In a statement, the CBD lists mainstreaming biodiversity conservation as a key issue for the SBI meeting, and Rowan Braybrook, a Manager in Strategic Engagement and International Policy at Conservation International highlights integration as a big part of these sessions.
“We’re in an era of action and implementation, especially in regards to the links that biodiversity has with the Sustainable Development Goals and climate change,” she says.
Braybrook says the idea behind mainstreaming is joining forces, leveraging other efforts in order to achieve global biodiversity targets. Countries measure their success in stemming the loss of Earth’s flora and fauna through the progress they make toward implementing CBD’s Strategic Plan for Biodiversity, under which the Aichi Biodiversity Targets fall, along with individual National Biodiversity Strategies and Action Plans.

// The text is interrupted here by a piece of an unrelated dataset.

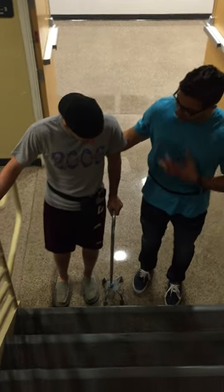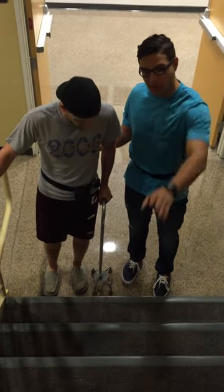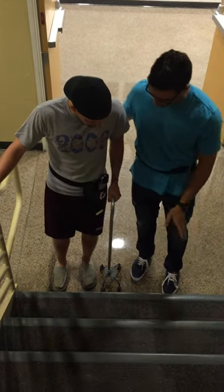Alright Kyle, how are we doing today? My name is Johnny, I'm your student physical therapist today. What we're going to do is we're going to ambulate up these stairs, make a turn, and then come back down. Now I know you have some hip arthritis, so kind of be careful of that.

According to the CBD’s most recent Global Biodiversity Outlook publication, countries have made significant progress but they won’t succeed in meeting the Aichi Biodiversity Targets by 2020 without a significant scale-up in terms of resources and efforts. Report authors say there has been relative success in conserving 10% of marine areas and 17% of terrestrial lands as those targets are on track to meet their 2020 deadline. But poor agriculture, forestry and aquaculture practices continue to plague biodiversity, causing deep losses, while the average rate of extinction continues to increase and open ocean and deep sea aren’t well protected, to name a few of the several targets that remain off track.
This is where mainstreaming biodiversity comes in as a fresh opportunity and open door, Braybrook explains. The Sustainable Development Agenda has a wide audience and more political clout as governments and heads of state determined this agenda. And integrating biodiversity into it gives biodiversity much more influence to achieve its objectives than when standing by itself. It also makes for a stronger case for investing in biodiversity.
“When we go outside of the little room of the CBD, we have to convince the larger public, governments and businesses that biodiversity helps achieve their goals,” she says.
Braybrook explains that mainstreaming biodiversity will highlight the human impact of inaction, which can mobilize action. Connections between government ministries like environment and agriculture, for instance, can highlight the economic consequences of biodiversity loss and ecosystem degradation and lead to better land management, or even policy change.
While mainstreaming is in a position to take center stage, CBD lists four core areas it will focus on during the SBI meeting:
- Review of progress in implementation: review progress toward implementation of the Strategic Plan for Biodiversity
- Strategic action to enhance implementation: explore the tools and key actors that could play a role in enhancing implementation with a focus on mainstreaming
- Strengthen support for implementation: Reinforce capacity building, technical and scientific cooperation along with financial resources and mechanisms
- Improving the efficiencies of the Convention structures and processes: Consider existing processes, including mechanisms to review ongoing activities, and look for methods to strengthen them
Braybrook also notes that proper monitoring to ensure positive impacts on biodiversity is a critical issue the talks should address, especially when integrating into these larger processes.
Many of the topics discussed and decisions made during the SBI meeting will be rolled into recommendations Parties will consider at the CBD’s main event, COP 13, happening in December in Cancun, Mexico.